What Is Trauma-Informed Therapy?

From “What is wrong?” to “What happened?”

When most people hear the word "trauma," they think of a single catastrophic event—a car accident, a natural disaster, combat. But trauma is far broader than that. Trauma is any experience that overwhelms your capacity to cope and leaves a lasting imprint on your nervous system, your relationships, and your sense of safety. It can be a childhood marked by emotional neglect. It can be years of navigating racism in your workplace. It can be the cumulative weight of being a Black woman in a world that simultaneously demands your strength and denies your pain. Trauma-informed therapy starts by recognizing that all of this counts.
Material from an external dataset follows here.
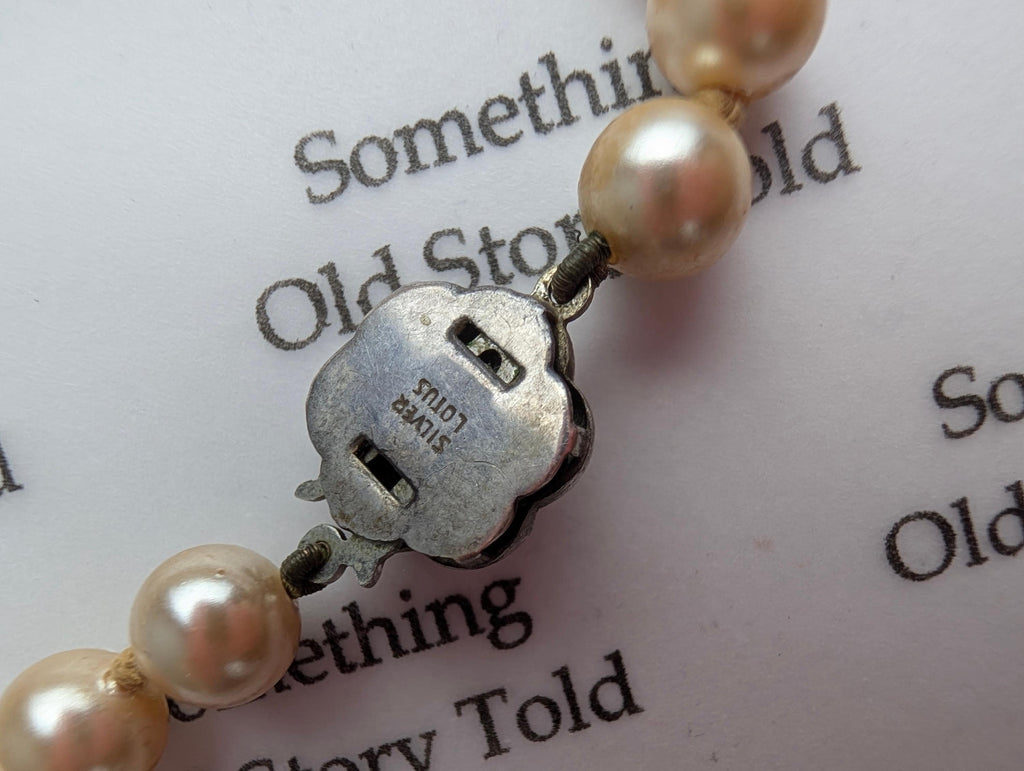 Vintage Lotus Simulated Pearl Necklace, Silver Floral Clasp, Cream Hardshell Box __etsy:8082027006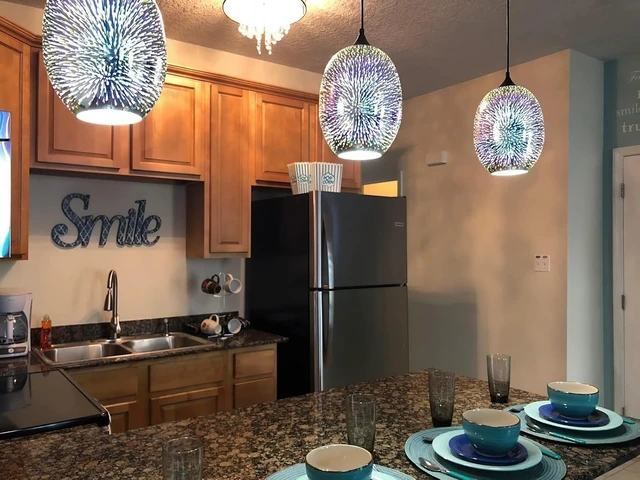 Alt view image 5 of 7 - KoKo&Yukina 3D Glass Colorful Pendant Light Fireworks Pendant Light Colorful Light Fixture Firework Glass Pendant Lighting for Kitchen Island Light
At its core, trauma-informed therapy shifts the central question from "What's wrong with you?" to "What happened to you?" This isn't just a semantic change—it transforms the entire therapeutic relationship. Instead of diagnosing you as broken, a trauma-informed psychologist sees your symptoms—the anxiety, the hypervigilance, the shutdown, the people-pleasing—as adaptations. They're the strategies your mind and body developed to survive difficult experiences. In trauma-informed care, those adaptations are honored before they're changed.

This approach is especially meaningful for Black women and communities of color, where trauma often operates on multiple levels simultaneously. There's individual trauma—your personal experiences of loss, harm, or violation. There's interpersonal trauma—the relationships marked by betrayal, abuse, or chronic invalidation. And there's systemic trauma—the daily toll of racism, discrimination, and structural inequity that accumulates across a lifetime and across generations. Trauma-informed therapy holds space for all of these layers without minimizing any of them.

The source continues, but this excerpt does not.